Active RFID: A local wireless positioning infrastructure built on premises indoor or outdoor calculates the position based on Time of Flight from emitted signal & ID from the tracking device to at least 3 receivers or when passing through a portal. The network is operating in frequency areas such as 2.4 GHz WiFi, 868 MHz, 3.7 GHz (UWB – Ultra Wide Band), the former integrating with existing data network, the latter promising an impressive 0.3 m accuracy. Tracking devices are battery powered.

Passive RFID: Proximity tracking devices are passive tags detected and identified by a reader within close range. Example: Price tags with built-in RFID will set off an alarm if leaving the store. Numerous proprietary systems are on the market.
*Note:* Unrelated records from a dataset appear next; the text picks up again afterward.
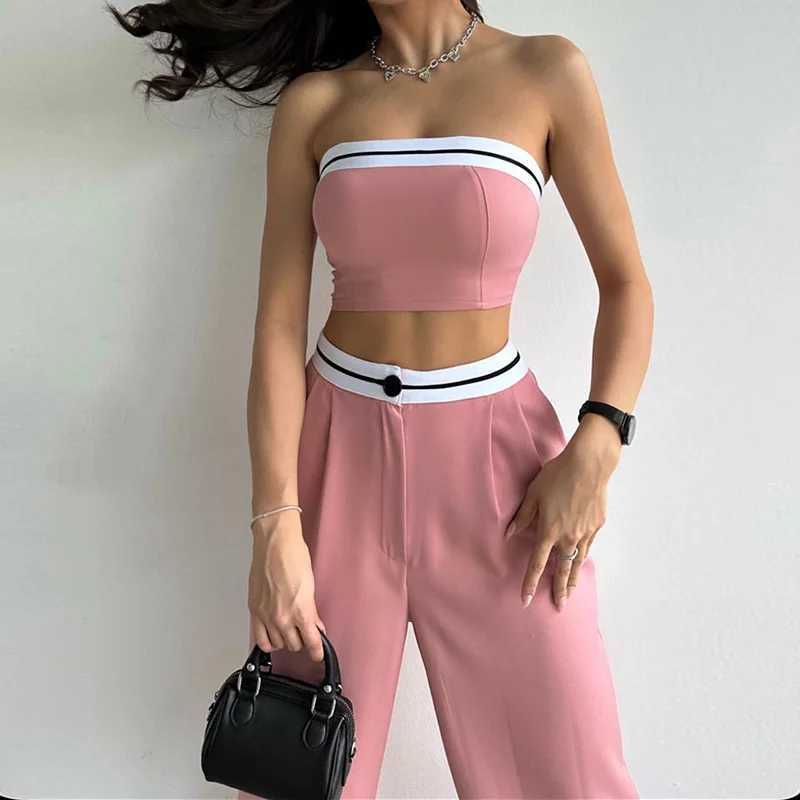 Womens Two-Piece Solid Color Slveless Vest Bra buttoned Pants Summer Sexy Set X250704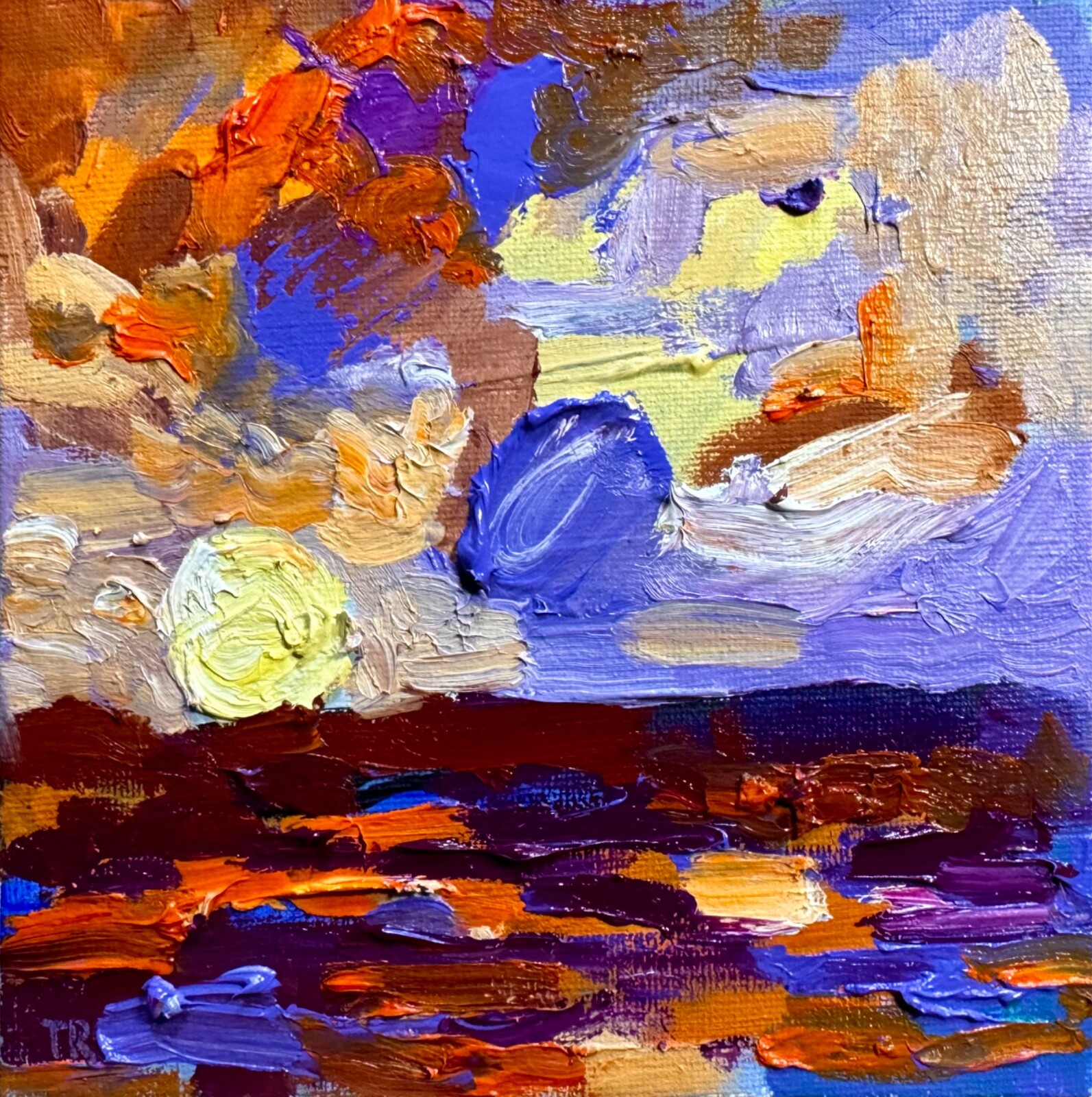 Ocean Oil painting ORIGINAL art Seascape artwork small sunset landscape 6×6″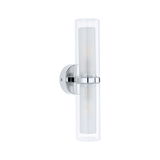 Modern chrome wall light with cylindrical transparent glass for indoor lighting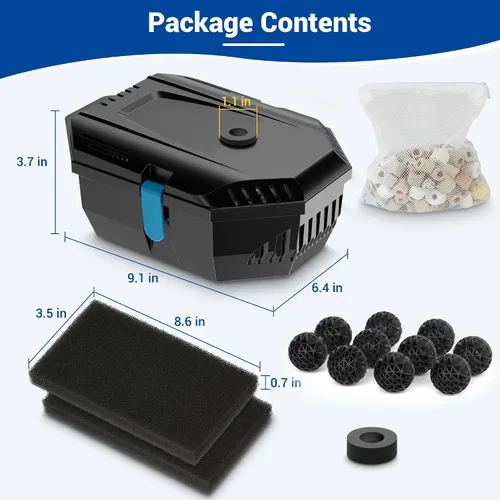 Miniatura 6 de NFESOLAR Filtro de estanque pequeño para estanques al aire libre, tanque de peces de 50 a 600 galones, caja de filtro protege la bomba sumergible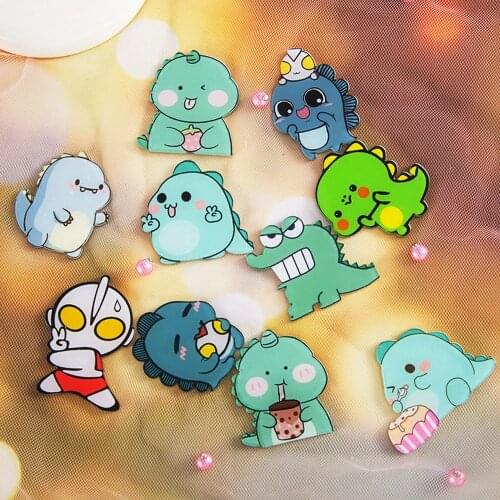 50pcs 13 Styles Mix Cute Japan Cartoon Dinosaur Monster Flatback Planar Resin Cabochon DIY Crafts Home Decoration Accessories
NFC (Near Field Communications) signifies a system where the reader performs the identification by almost touching the tag.

Beacons: Bluetooth Low Energy (BLE) signals sent from a fixed position to a mobile device, which then roughly calculates its proximity based on the fading of the signal strength. For robotic vacuum cleaners an infrared light beacon can be used to guide the vehicle towards the charging station.

Dead Reckoning: Measure via incremental counting of driving wheels’ rotation and steering wheel’s angle. Small variations in sizes of wheel or slip of the surface may introduce an accumulated error, hence this method is often combined with other systems for obtaining an exact re-positioning reset.

Scan and draw map: Laser beam reflections are measured and used for calculating the perimeter of a room and objects. Used for instance when positioning fork-lifts in storage facilities.

Visual recognition: The most advanced degree of vision is required in fully autonomous vehicles using Laser/Radar (Lidar) for recognition of all kinds of object and obstructions. A much simpler method can be used for calculating a position indoor tracking printed 2D barcodes placed at regular intervals in a matrix across the ceiling. An upwards facing camera identifies each pattern and the skewed projection of the viewed angle.

Inertia: A relative movement detection likewise classical gyroscopes in aircrafts now miniaturised to be contained on a chip. From a known starting position and velocity this method measures acceleration as well as rotation in all 3 dimensions which describes any change in movement.

Magnetic field: a digital compass (on chip) can identify the orientation provided no other magnetic signals are causing distortion.

Mix and Improve: Multiple of the listed technologies supplement each other, well-proven or novel, each contributing to precision and robustness of the system. Set a fixpoint via portals or a visual reference to reset dead reckoning & relative movement; supplement satellite signal with known fixpoint: “real time kinematics” refines GPS accuracy to mere centimetres; combine Dead Reckoning and visual recognition of 2D barcodes in the ceiling.